To overcome resistance from state governments, the BRAI bill says “it is expedient in the public interest that the Union should take under its control the regulations of organisms, products and processes of modern biotechnology industry”. In one stroke, this seeks to take away the state’s right to have a regulatory role in the domains of agriculture, environmental and health. Simply put, the BRAI will let the Centre push any GMO in any form anywhere it wants.
It is no secret that many of the 31 members of the Genetic Engineering Appraisal Committee were influenced in 2009 to ensure a clearance for Bt brinjal. The proposed new authority will have only three permanent members and the BRAI bill says “no proceeding shall be invalidated merely by reason of any vacancy in the Authority”. In effect, two individuals handpicked by the government will have the power to decide what our farmers sow and what we eat.
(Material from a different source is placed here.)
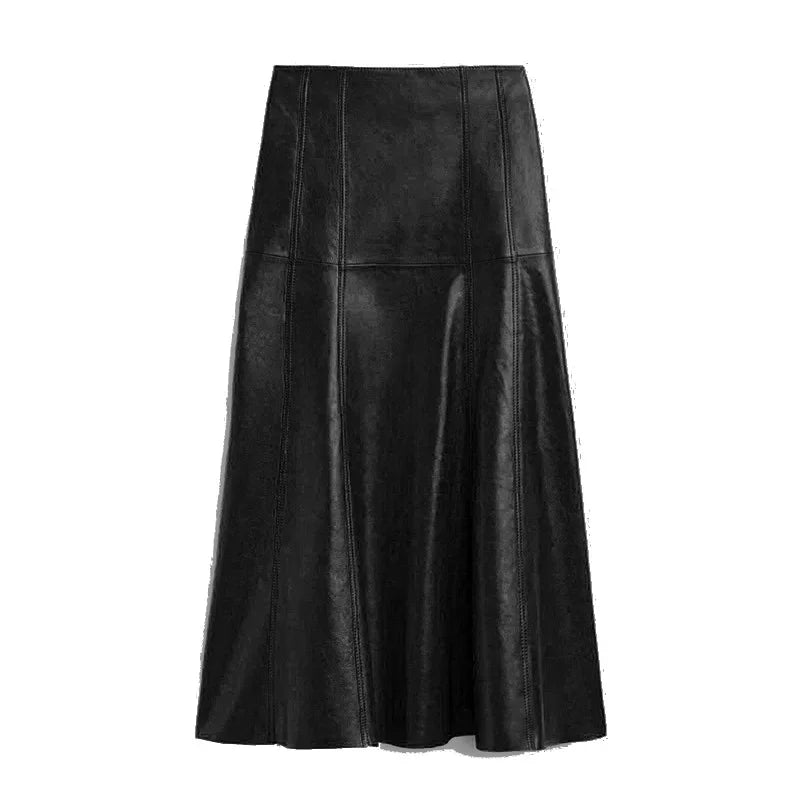 Leather Long  Skirt Women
Of course, the BRAI bill has the provision to set up an Environment Appraisal Panel – slipped in perhaps so that the Environment ministry did not feel totally left out — that will offer “opinions” to the BRAI on organisms and products having environmental impact. But, in case of difference of opinion, the BRAI will prevail and merely pass an order giving its reasons in this regard.
There are a host of other issues with the BRAI bill. It has nothing on independent long-term trials or mandatory public consultation though it is India’s commitment to the Cartagena Biosafety Protocol which came into force in 2003. There is no framework of any risk management regime or provision for deterrent penal clauses. While seeking to override even the state’s authority, the bill completely ignores grassroots democracy and the statutory rights of gram sabhas over natural resources.
Any new technology that tinkers with the fundamentals of life demands independent scrutiny and demystification before it is offered for mass acceptance. The 2004 Swaminathan Task Force said that “the safety of the environment, the well-being of farming families, the ecological and economic sustainability of farming systems, the health and nutrition security of consumers, safeguarding of home and external trade and the biosecurity of the nation” should be the obligation of any biotechnology regulatory policy.
Instead, the government is in a hurry to thrust GMO on its people. Worse, in the chaos ofIPL, betting and churnings within political parties, few have even noticed the move in the last eight weeks.